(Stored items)

Start of Block

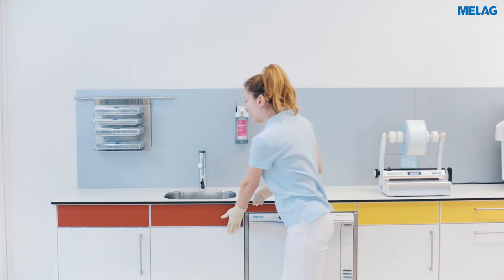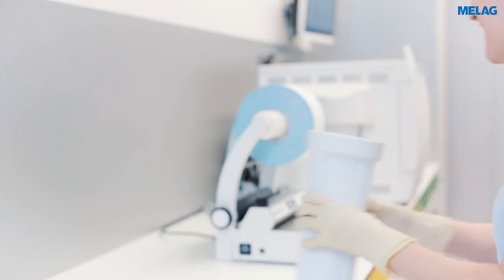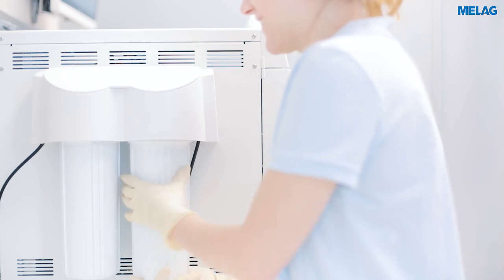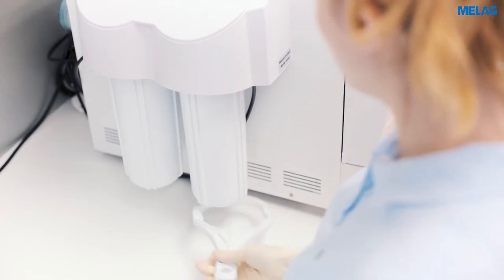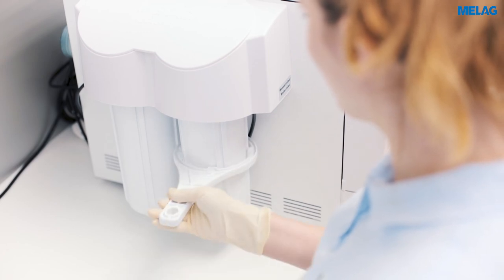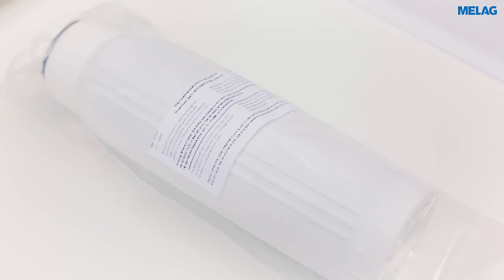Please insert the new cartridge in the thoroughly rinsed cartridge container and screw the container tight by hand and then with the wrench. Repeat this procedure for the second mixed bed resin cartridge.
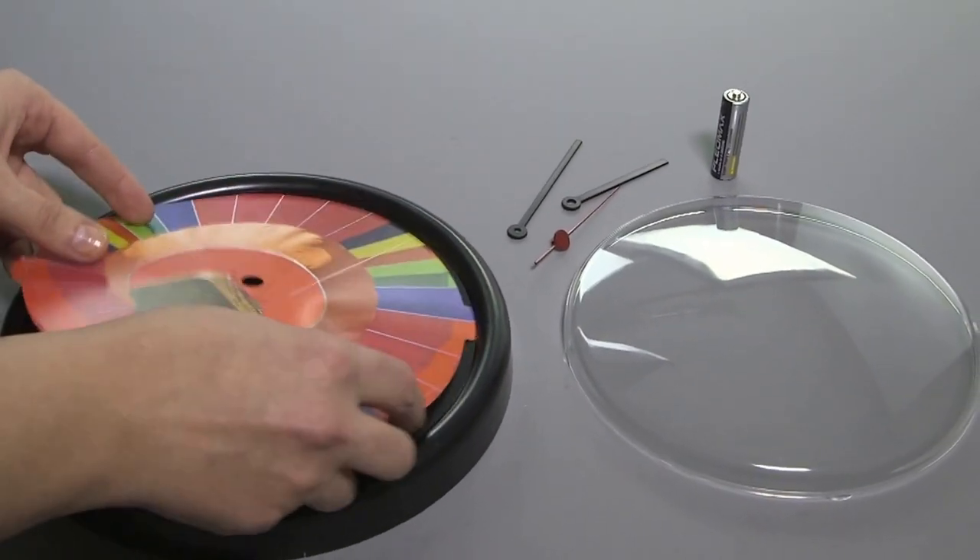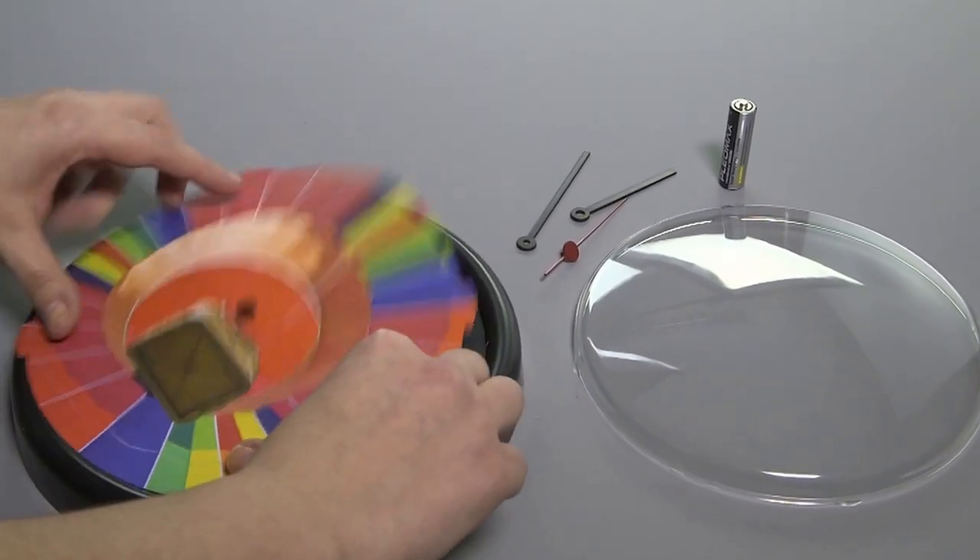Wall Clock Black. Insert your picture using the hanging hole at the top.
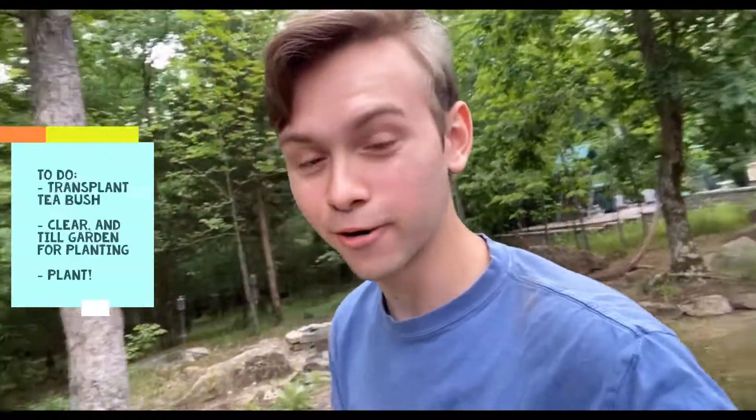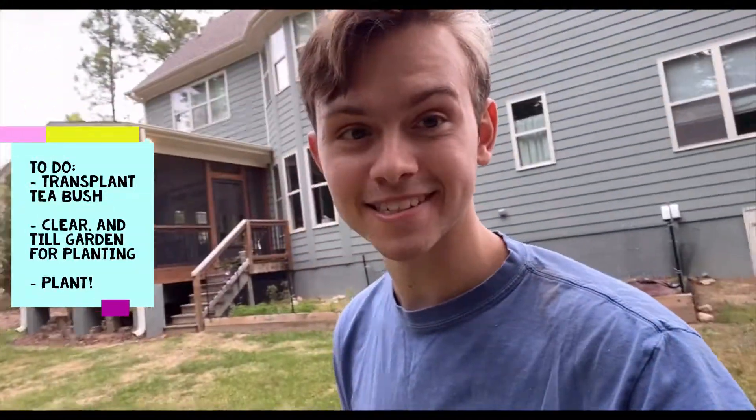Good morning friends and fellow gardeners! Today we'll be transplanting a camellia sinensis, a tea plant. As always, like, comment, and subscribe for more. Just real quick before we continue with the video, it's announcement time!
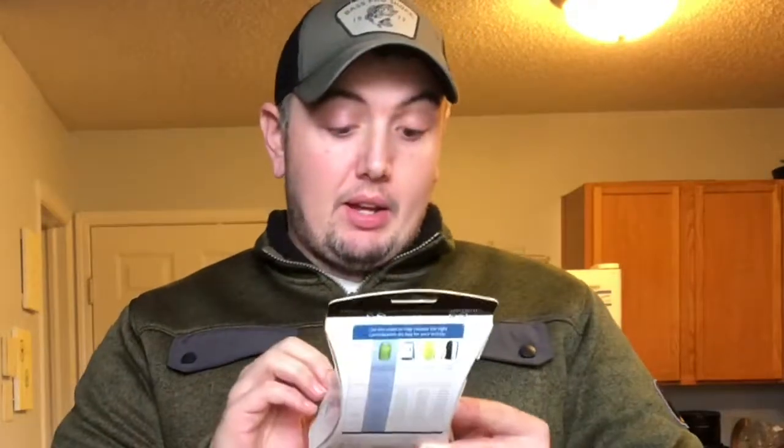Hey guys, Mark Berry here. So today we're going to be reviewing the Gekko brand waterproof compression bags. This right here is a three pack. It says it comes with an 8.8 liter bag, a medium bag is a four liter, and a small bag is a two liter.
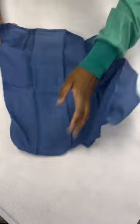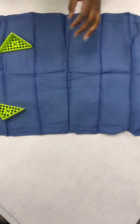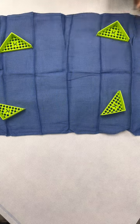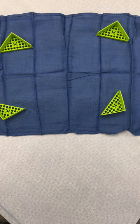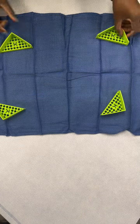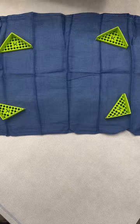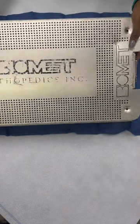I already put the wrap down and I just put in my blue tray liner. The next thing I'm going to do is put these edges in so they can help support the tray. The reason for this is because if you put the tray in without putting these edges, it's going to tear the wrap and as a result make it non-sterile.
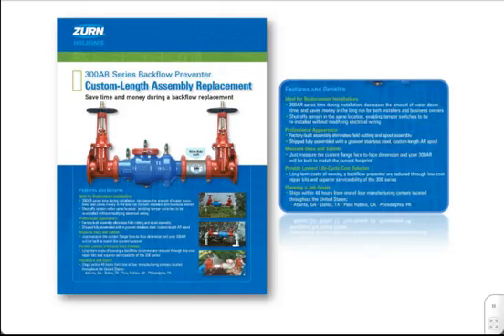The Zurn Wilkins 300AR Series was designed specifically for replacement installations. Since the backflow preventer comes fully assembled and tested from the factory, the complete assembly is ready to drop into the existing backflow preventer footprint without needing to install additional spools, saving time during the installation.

End of Block

◆ YOUR TASK:
Set the data above down again exactly as given, with no pictures.

◆ ANSWER SPACE:
Please insert the new cartridge in the thoroughly rinsed cartridge container and screw the container tight by hand and then with the wrench. Repeat this procedure for the second mixed bed resin cartridge.
Wall Clock Black. Insert your picture using the hanging hole at the top.
Good morning friends and fellow gardeners! Today we'll be transplanting a camellia sinensis, a tea plant. As always, like, comment, and subscribe for more. Just real quick before we continue with the video, it's announcement time!
Hey guys, Mark Berry here. So today we're going to be reviewing the Gekko brand waterproof compression bags. This right here is a three pack. It says it comes with an 8.8 liter bag, a medium bag is a four liter, and a small bag is a two liter.
I already put the wrap down and I just put in my blue tray liner. The next thing I'm going to do is put these edges in so they can help support the tray. The reason for this is because if you put the tray in without putting these edges, it's going to tear the wrap and as a result make it non-sterile.
The Zurn Wilkins 300AR Series was designed specifically for replacement installations. Since the backflow preventer comes fully assembled and tested from the factory, the complete assembly is ready to drop into the existing backflow preventer footprint without needing to install additional spools, saving time during the installation.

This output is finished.